# Machine Learning Models and Predicting Public Sector Electricity Costs

# Purpose

The aim of this project is to predict the Primary average energy price for each State in the residential sector for the year 2021 based on residential sector features. And to do so using a variety of Machine Learning Models. 



## Background

### Data information
EIA's State Energy Data System (SEDS) is a comprehensive data set that consists of annual time series estimates of State-level energy use by major economic sectors, energy production and State-level energy price and expenditure data.[6]

The data is organized by State, Year, and MSN.

The MSNs are five-character codes, most of which are structured as follows:
First and second characters - describes an energy source (for example, NG for natural gas, MG for motor gasoline)
Third and fourth characters - describes an energy sector or an energy activity (for example, RC for residential consumption, PR for production)
Fifth character - describes a type of data (for example, P for data in physical unit, B for data in billion Btu and D is for dollars per million BTU)[6]






### Model Background:


#### Linear Models

A *regression* attempts to fit a function to observed data to make predictions on new data. A *linear regression* fits a straight line to observed data, attempting to demonstrate a linear relationship between variables and make predictions on new data yet to be observed[1].

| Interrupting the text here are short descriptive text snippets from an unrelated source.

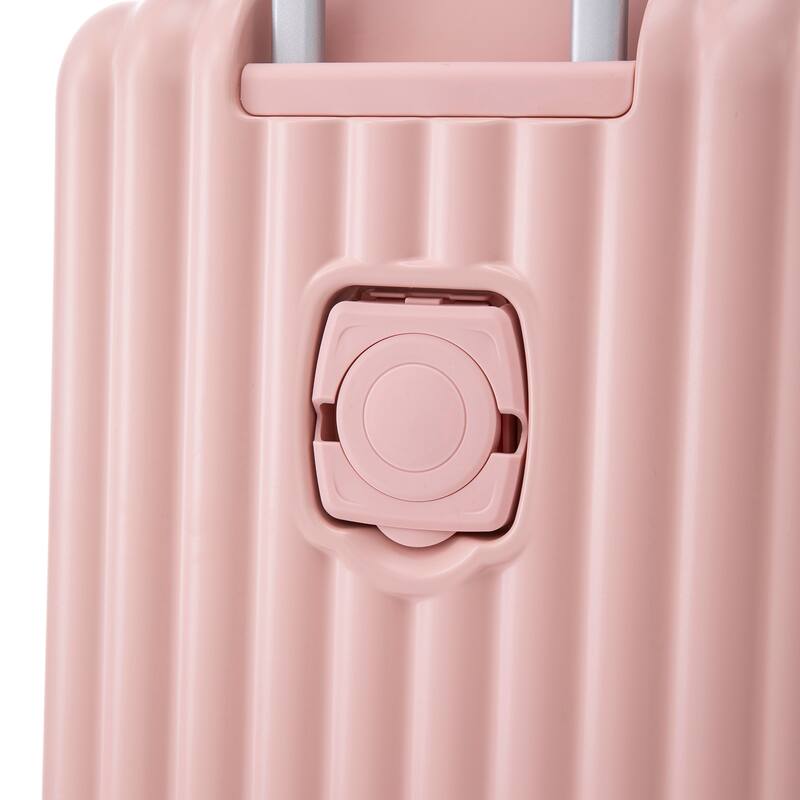 Stylish Luggage, 3-Piece Set with Universal Wheels Cup Holder, USB Port and Phone Holder, for Boarding Travel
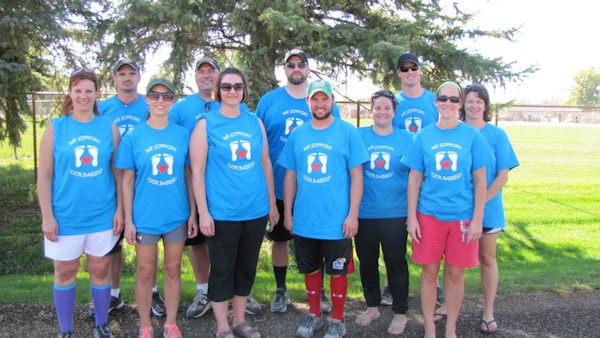 Kickball Team Supporting Nicu Babies T-Shirt Photo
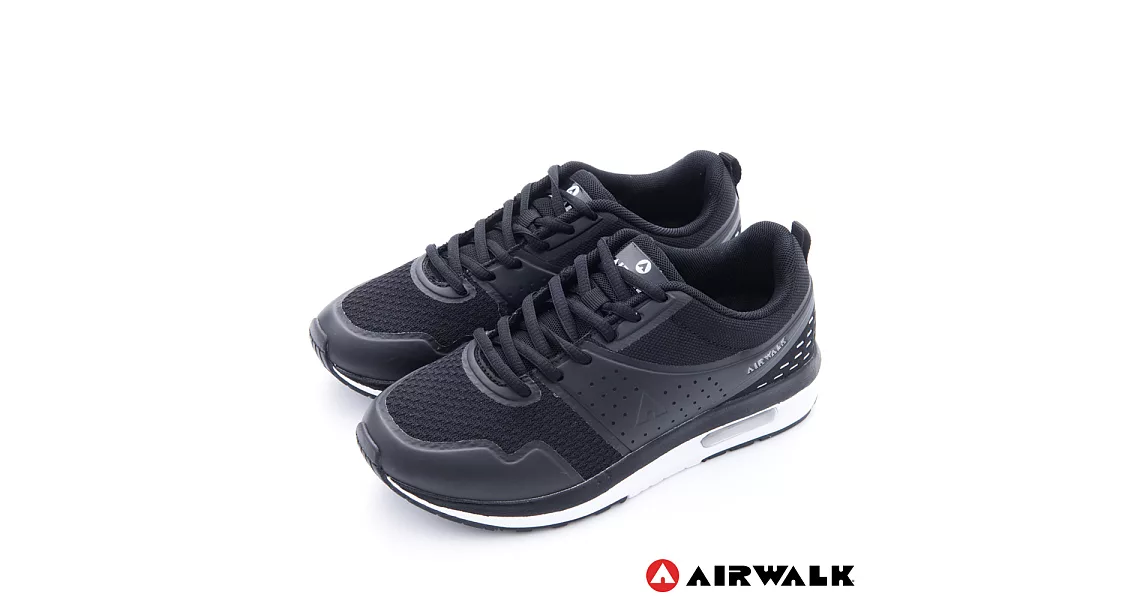 AIRWALK(女)-抛物線 減壓彈力氣墊緩衝運動鞋6黑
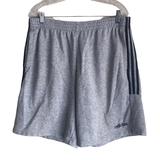 Adidas Shorts | Adidas Men's Sweatshorts Xl 34-40 Gray Cotton Fleece Elastic Waist Active Lounge | Color: Gray | Size: Xl
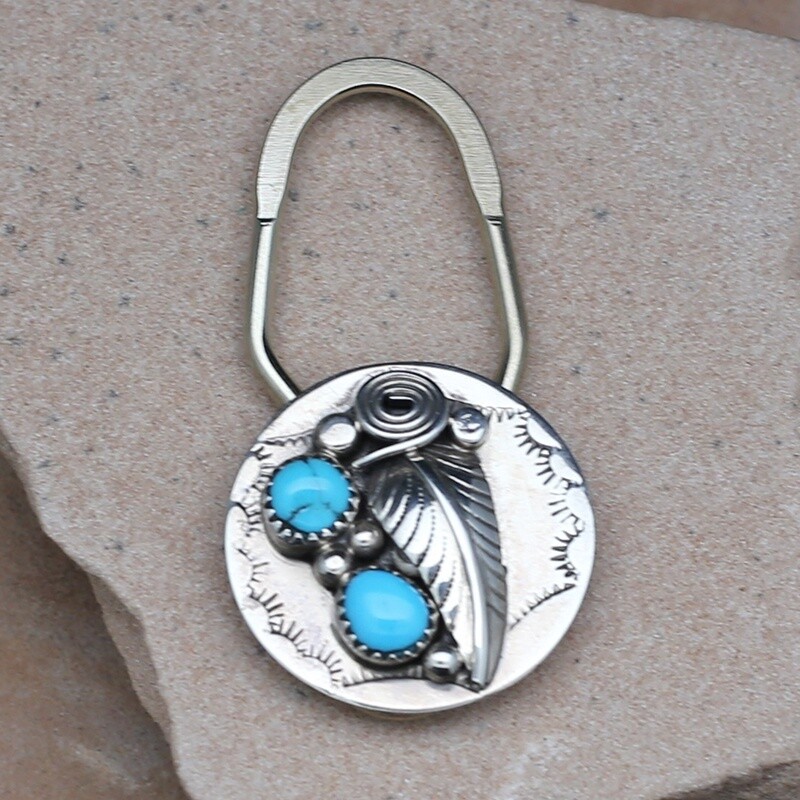 Two stone Navajo Key Chain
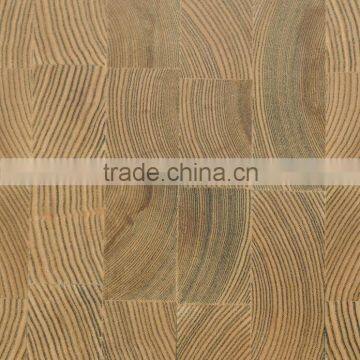 Reclaimed Elm end grain natural engineered wood parquet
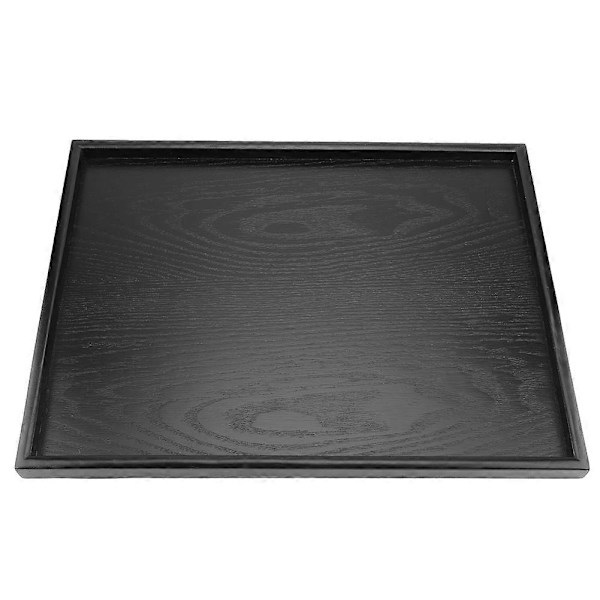 Massivt Træ Rektangulær Serveringsbakke 35 x 24 cm til Te, Kaffe, Snacks og Måltider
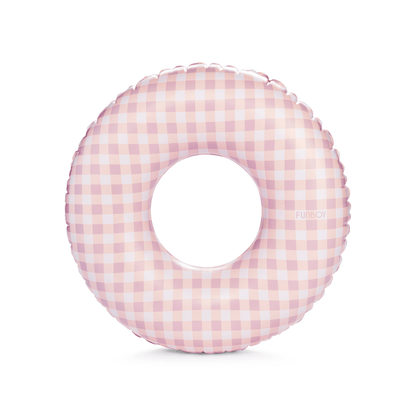 Pink Gingham Kids Tube Float | Funboy On Sale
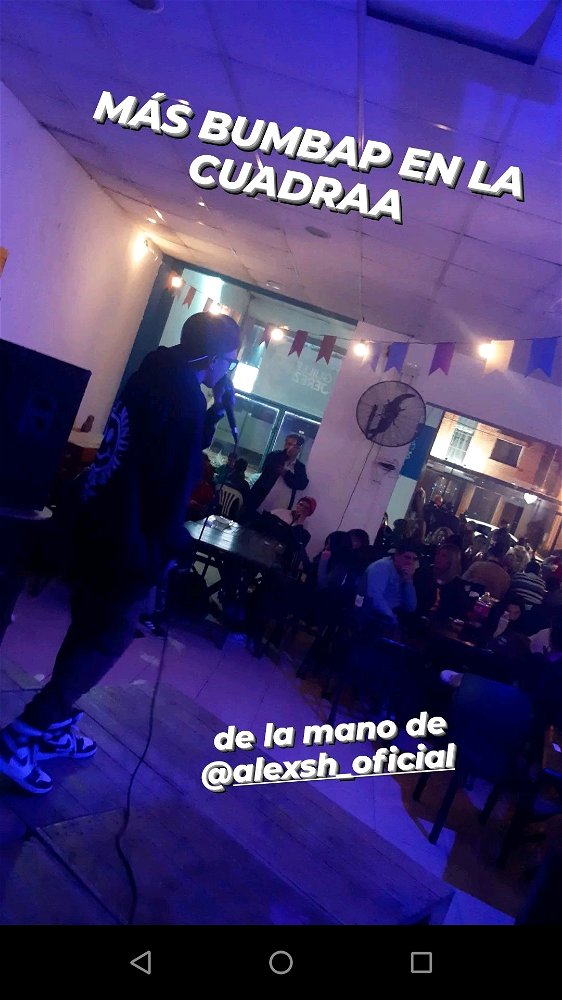 Hoy tuve una noche llena de magia! Representando a la ciudad!
Puro rap de mi parte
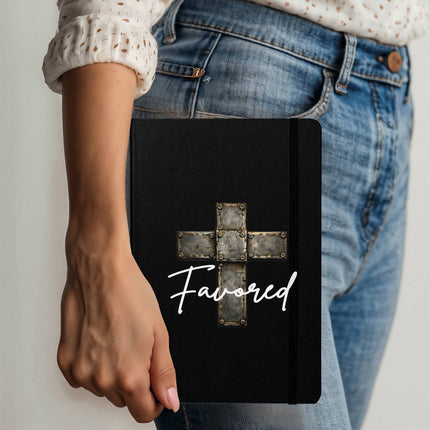 Favored Cross Journal – Christian Gift for Men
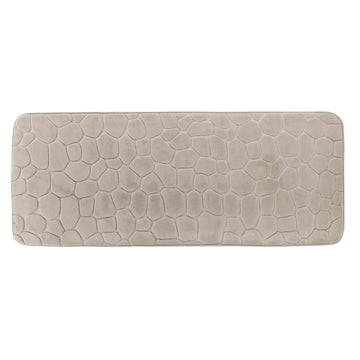 Covoraș Microfibră cu Spumă de Memorie 45x120 cm - Taupe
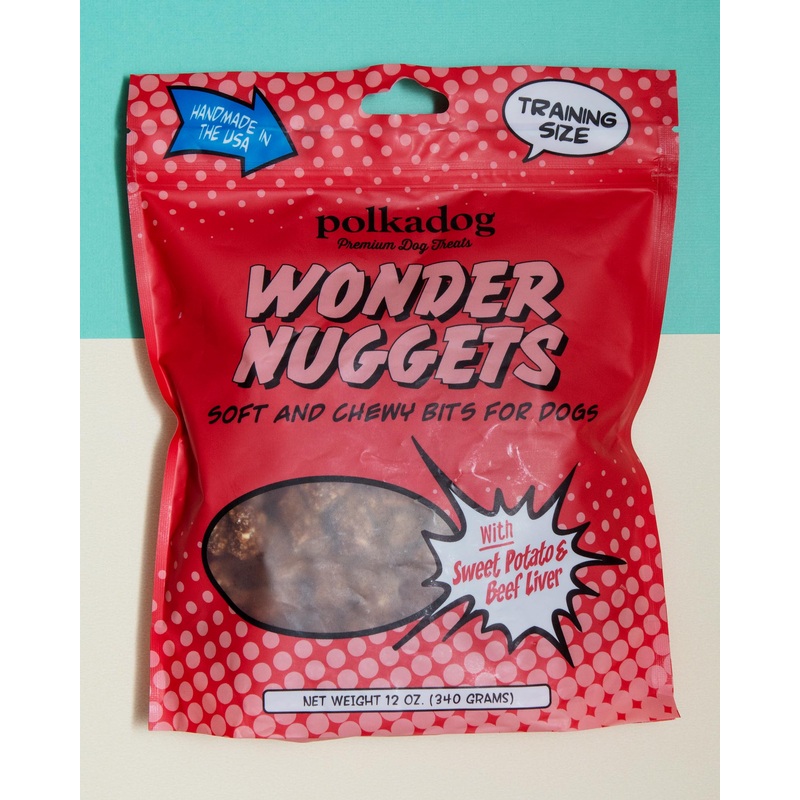 Wonder Nuggets Soft Sweet Potato & Beef Dog Treats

So given a set of predictors, all combined, with an error term yields a linear relationship to some response. 

The formula is $ y_i = \beta_0+ \beta_{i1}.... + \epsilon_i$


### Support Vector Regression

The basic goal of Support Vector Regression is to find a function $f(x)$ that has at most $\epsilon$ from actually obtained targets $y_i$ for all of the training data and at the same time is as flat as possible. [2] 

To achieve this we must estimate $\beta$.

$ H(\beta,\beta_0) = \sum\limits_{i=1}^{N} V(y_i - f(x_i)) + \frac{\lambda}{2}\|\beta\|^{2}$

Errors smaller than size $\epsilon$ are ignored due to having small residual values.

$V_H (r) =\begin{cases} 0 \text{    if    } \|r\| < \epsilon  \\
		\|r\| - \epsilon ~ otherwise
\end{cases}$

### K-Nearest Neighbors

It is a non parametric supervised learning method, input consisting of k closest training examples in a data set.The output is the average value of k nearest neighbors. [3]\
$f(x) = \frac{1}{K} \sum_{i\epsilon N_k(`x)}$

### Neural Network

The Neural Network model used was a Multi-Layer Perceptron regressor. It optimizes the squared error using LBFGS or stochastic gradient descent [4]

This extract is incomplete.